Protection sociale : le Registre social unique bientôt institué en République du Congo

0

Dans la perspective de la mise en place de la structure, le directeur du cabinet de la ministre des Affaires sociales, de l’action humanitaire et de la solidarité, Christian Aboké-Ndza, a appelés tous les ménages vulnérables à se faire enregistrer.

Le Registre social unique (RSU) vise, entre autres, à améliorer le ciblage des prestations des programmes de protection sociale. Pour le cas de la République du Congo, l’institution du RSU permettra au pays de se doter d’une base de données pour tous les projets sociaux pour plus d’efficacité dans l’action publique. « L’une des faiblesses de l’action publique c’est l’absence des données statistiques.

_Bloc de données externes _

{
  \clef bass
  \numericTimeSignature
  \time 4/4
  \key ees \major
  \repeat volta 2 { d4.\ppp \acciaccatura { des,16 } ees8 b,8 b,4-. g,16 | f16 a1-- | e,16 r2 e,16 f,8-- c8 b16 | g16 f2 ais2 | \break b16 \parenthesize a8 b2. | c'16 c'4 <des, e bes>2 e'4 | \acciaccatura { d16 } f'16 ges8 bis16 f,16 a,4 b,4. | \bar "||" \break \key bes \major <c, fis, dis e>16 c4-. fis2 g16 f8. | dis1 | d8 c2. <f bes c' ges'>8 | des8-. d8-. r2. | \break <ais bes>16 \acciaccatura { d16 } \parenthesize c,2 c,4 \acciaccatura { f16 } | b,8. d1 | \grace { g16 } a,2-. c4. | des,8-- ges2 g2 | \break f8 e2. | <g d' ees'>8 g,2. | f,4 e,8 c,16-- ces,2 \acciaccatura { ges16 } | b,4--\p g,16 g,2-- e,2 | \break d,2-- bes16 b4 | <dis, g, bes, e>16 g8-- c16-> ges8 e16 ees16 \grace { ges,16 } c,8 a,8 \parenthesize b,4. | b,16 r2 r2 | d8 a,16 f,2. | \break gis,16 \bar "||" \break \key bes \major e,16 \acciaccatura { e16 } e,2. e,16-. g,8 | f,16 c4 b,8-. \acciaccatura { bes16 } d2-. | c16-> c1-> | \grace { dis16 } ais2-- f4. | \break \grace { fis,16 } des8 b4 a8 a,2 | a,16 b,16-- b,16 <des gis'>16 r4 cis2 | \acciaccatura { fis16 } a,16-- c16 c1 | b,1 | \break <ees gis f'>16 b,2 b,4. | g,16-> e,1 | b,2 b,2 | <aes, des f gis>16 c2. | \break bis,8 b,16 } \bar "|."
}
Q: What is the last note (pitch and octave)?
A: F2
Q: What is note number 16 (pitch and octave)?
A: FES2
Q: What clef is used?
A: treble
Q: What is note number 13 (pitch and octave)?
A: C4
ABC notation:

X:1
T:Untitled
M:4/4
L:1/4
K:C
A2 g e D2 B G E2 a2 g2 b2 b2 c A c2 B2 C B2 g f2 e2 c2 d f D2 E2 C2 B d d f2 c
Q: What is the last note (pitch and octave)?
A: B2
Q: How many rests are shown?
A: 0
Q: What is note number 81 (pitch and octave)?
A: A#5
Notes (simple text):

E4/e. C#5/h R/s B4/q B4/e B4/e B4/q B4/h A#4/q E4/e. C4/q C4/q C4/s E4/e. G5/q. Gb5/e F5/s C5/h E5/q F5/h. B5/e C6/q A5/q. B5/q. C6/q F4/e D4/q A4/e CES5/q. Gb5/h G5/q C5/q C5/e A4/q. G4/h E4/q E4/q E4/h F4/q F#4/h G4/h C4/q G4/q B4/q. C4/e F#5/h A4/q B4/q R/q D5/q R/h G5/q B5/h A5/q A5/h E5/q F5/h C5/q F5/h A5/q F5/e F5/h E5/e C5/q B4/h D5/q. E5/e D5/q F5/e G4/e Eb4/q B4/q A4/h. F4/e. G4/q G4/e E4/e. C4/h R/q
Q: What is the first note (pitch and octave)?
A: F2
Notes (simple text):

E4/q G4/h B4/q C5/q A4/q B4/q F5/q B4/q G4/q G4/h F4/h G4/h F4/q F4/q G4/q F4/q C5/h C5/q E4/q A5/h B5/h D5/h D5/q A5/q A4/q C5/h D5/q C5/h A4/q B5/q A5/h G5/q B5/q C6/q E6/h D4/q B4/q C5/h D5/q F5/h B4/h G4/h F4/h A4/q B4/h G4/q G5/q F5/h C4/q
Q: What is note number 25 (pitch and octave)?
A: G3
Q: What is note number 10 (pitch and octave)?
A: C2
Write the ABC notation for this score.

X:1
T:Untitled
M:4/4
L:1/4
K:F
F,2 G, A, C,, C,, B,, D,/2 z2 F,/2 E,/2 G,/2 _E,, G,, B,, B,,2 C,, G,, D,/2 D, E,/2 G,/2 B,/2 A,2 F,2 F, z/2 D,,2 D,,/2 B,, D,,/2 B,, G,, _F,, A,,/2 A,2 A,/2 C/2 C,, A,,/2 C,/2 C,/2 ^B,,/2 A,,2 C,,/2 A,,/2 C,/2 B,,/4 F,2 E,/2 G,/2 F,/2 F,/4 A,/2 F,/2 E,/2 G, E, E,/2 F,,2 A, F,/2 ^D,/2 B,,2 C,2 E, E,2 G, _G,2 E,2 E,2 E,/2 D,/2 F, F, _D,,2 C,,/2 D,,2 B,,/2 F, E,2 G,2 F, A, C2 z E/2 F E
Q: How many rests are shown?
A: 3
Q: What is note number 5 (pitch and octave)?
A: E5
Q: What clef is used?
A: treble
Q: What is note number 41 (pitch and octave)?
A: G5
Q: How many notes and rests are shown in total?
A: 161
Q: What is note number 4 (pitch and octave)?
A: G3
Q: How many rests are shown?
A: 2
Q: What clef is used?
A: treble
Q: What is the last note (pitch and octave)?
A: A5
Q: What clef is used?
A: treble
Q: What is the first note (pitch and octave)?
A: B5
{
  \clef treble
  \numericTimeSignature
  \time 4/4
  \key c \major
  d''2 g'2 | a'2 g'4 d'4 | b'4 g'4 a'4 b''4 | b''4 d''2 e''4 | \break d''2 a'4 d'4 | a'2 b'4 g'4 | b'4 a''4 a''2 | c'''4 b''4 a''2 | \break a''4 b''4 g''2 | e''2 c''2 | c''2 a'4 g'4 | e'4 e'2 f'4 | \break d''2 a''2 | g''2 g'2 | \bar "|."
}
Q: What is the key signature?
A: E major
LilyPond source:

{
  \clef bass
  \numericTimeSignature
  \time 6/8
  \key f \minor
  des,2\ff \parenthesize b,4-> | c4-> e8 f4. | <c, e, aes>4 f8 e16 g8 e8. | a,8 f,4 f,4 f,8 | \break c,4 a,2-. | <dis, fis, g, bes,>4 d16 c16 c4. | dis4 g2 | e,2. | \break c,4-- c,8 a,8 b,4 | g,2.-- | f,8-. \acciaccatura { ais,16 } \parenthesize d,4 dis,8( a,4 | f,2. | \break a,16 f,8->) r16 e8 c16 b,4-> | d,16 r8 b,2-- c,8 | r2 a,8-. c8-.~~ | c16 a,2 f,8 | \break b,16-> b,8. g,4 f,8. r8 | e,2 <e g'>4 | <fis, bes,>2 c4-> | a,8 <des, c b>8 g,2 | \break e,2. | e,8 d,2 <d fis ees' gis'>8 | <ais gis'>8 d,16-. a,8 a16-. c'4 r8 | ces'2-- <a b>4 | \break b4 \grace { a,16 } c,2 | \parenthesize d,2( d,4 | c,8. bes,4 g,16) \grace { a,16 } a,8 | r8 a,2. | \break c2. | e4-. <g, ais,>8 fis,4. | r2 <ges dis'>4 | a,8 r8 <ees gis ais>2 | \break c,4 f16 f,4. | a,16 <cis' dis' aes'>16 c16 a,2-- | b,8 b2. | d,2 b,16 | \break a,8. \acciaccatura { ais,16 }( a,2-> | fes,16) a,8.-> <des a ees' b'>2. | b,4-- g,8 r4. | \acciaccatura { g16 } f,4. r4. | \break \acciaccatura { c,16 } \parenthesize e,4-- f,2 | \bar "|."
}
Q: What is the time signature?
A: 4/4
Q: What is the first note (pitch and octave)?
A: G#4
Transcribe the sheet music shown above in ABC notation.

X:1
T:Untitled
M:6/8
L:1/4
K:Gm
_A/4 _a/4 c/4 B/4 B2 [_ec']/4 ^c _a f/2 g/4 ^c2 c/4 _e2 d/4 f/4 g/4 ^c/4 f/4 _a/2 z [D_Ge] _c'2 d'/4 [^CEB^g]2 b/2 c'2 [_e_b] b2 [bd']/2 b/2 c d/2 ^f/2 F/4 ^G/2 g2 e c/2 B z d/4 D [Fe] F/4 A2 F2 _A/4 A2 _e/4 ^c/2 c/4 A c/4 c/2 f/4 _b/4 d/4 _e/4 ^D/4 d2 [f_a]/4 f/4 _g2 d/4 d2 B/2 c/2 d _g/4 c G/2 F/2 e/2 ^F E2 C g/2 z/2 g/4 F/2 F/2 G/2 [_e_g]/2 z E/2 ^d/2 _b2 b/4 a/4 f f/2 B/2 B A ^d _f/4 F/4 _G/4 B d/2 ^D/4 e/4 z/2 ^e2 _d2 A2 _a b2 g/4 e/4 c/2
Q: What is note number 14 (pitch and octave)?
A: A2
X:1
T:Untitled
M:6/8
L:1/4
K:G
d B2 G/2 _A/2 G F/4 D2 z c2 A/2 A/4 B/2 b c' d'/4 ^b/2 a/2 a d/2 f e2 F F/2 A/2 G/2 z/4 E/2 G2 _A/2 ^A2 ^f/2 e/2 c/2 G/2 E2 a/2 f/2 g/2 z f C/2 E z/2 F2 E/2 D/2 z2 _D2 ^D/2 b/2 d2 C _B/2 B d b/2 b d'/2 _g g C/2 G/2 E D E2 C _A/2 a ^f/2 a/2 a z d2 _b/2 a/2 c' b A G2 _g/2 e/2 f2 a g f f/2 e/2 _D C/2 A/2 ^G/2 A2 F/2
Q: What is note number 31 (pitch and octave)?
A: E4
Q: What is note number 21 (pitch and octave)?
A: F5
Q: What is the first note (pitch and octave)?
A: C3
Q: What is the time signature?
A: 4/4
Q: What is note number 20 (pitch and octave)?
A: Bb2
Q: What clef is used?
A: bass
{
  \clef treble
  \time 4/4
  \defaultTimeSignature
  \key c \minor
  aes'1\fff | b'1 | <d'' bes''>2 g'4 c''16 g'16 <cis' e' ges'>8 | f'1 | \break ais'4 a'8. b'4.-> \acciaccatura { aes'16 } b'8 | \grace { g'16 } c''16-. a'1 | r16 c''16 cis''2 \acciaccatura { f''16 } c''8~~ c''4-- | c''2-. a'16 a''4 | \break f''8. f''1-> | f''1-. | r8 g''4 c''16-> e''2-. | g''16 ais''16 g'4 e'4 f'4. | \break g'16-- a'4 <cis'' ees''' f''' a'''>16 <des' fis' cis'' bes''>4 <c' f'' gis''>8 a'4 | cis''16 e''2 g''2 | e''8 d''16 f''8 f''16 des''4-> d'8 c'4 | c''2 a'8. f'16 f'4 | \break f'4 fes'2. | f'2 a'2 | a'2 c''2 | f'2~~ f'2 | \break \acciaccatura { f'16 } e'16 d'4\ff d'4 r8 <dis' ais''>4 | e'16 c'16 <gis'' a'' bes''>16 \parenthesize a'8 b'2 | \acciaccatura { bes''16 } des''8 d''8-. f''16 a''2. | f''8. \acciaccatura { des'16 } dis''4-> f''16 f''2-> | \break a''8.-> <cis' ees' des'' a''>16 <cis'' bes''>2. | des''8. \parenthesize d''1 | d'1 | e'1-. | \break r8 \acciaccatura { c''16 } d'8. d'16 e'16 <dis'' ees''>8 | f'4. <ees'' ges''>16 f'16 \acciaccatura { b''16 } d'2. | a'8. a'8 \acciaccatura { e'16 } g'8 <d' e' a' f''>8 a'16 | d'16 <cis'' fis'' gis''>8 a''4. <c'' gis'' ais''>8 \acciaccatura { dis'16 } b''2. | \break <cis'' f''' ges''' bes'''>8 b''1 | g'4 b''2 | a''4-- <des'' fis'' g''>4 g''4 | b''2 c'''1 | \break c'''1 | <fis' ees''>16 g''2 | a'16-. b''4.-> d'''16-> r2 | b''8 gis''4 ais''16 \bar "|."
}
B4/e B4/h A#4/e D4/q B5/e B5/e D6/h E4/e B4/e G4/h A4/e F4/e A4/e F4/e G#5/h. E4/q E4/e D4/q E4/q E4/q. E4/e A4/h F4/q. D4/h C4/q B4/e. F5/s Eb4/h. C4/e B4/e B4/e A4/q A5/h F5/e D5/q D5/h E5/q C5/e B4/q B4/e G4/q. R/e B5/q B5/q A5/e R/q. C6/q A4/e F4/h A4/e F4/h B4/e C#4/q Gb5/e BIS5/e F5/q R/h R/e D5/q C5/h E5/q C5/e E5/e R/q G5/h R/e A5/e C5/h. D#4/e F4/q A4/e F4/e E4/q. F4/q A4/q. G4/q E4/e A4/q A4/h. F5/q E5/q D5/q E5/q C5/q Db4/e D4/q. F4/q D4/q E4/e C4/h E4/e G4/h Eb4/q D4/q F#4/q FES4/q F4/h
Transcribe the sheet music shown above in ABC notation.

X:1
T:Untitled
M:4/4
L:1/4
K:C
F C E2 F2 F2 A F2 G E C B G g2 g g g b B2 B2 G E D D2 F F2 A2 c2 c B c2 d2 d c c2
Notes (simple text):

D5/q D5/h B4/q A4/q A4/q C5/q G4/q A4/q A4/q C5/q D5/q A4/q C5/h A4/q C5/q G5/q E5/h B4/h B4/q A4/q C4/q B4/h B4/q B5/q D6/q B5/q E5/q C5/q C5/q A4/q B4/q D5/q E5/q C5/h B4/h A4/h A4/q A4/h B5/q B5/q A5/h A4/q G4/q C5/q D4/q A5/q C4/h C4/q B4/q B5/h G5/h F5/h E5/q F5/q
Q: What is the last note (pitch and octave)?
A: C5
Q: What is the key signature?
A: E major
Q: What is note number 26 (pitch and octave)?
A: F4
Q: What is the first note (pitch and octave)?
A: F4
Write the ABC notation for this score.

Or, nous voulons avoir la situation fiable de la vulnérabilité au Congo. C’est pourquoi, nous encourageons les ménages très pauvres à s’enregistrer lorsque les agents sociaux se présentent à eux. Le gouvernement est en train de mettre en œuvre beaucoup de projets et programmes sociaux », a exhorté Christian Aboké-Ndza lors de la célébration de la Journée nationale de la solidarité, le 26 novembre dernier.

334 000 ménages très pauvres attendus

Selon lui, l’efficacité des projets et programmes sociaux que le gouvernement met en œuvre en collaboration de ses partenaires est aussi critère d’une base de données fiable. « A la date d’aujourd’hui, nous avons soixante-six mille ménages qui sont enregistrés dans le RSU mais à terme, nous devons aller au-delà, parce qu’il faut que nous arrivions à enregistrer les trois cent trente-quatre mille ménages dans la base de données. Si nous arrivons à atteindre ce nombre, nous serons assurés que nous avons atteint le seuil des ménages dits très pauvres en République du Congo », espère-t-il, soulignant la nécessité pour les ménages vulnérables d’avoir un code d’identification.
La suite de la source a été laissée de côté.